こうしてレアの治療を受けられなければ、しばらくの間万全の状況で動くことは不可能だっただろう。
「何かの形で恩返しができればと思うんですが……」
「はい、では貸し一……ということで。さっそくなんですが、返してもらってもいいですか?」
「えっと……はい、自分にできることであれば」
「何が起こったのかを、聞かせてくれませんか?」
「その程度だと、恩を返すことにはなりませんよ。もちろんお話致します」
ここから先の話は、ロンドの出生に関わってくることだ。下手をすればアナスタジア公爵家にも迷惑をかけることにもなりかねない。

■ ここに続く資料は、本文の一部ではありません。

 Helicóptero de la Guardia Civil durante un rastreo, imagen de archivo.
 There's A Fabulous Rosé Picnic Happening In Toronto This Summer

スッとロンドがメンチの方を見ると、その意図を汲んだレアはこくりと頷いた。
「メンチ、少し席を外してくださいな」
「えっ!? なんでメンチだけ仲間はずれにするっすか!?」
「あなたは気を抜いたら全部喋っちゃいますから」
「それならしょうがないっすね、了解っす!」
(今の会話に納得できる要素あったか……?)
内心では疑問に思ったが、素直にメンチが部屋を出ていってくれたので話はスムーズに進みそうだ。

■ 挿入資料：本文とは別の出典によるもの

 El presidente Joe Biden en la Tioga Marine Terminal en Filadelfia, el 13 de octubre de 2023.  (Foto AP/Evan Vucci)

「話を聞くのは、軟膏を塗りながらでもいいでしょうか? あ、起きているのなら自分でやりますかね?」
「は、はい、普通に恥ずかしいので……」
自分の身体に軟膏を塗られながらだとまともに話せる気がしなかったので、彼女の盆から受け取ってぬりぬりと塗り始める。
「その軟膏は回復促進効果はさほど高くはないんですが、回復魔法で閉じた傷を塞いでくれる効果があります。とりあえずしっかりと塗っておけば、もし明日戦いになったとしてもすぐに傷口が開くようなことはないはずです」
「なるほど……お気遣いありがとうございます」
「いえ、あまり私が言えた義理ではないですが……ロンドさんも色々と、ご事情がおありのようですから」
こういう場面には慣れているからか、レアはくるりと後ろを振り向きながら、盆をゆっくりと手で持ち替えながら椅子に座った。
近くにあるテーブルには、彼女が持ってきていた湯飲みが置かれている。
薬湯の類いらしく、かなりマズいが薬効はあるので飲んでくれと言われれば、専門家でないロンドに断る理由もなかった。
「事情……ですか、そうですね。まず何から話しましょうか……」
ロンドは現状、聖王国のどの派閥に肩入れするかを決めているわけではない。
常識的に考えれば融和派か中立派に取り入り、そこから今回ロンドを招き入れたマンサル・アフロッドの企みを看破するのが最適解だろう。
(でも……)
ロンドは自分を治してくれた目の前の聖女のことを、信じてみようと思った。
聖王国では何が信じられるかはそうでないのかはわからないけれど、少なくともこうして自分のために骨を折ってくれている彼女は敵ではないと、そう思うことができたから。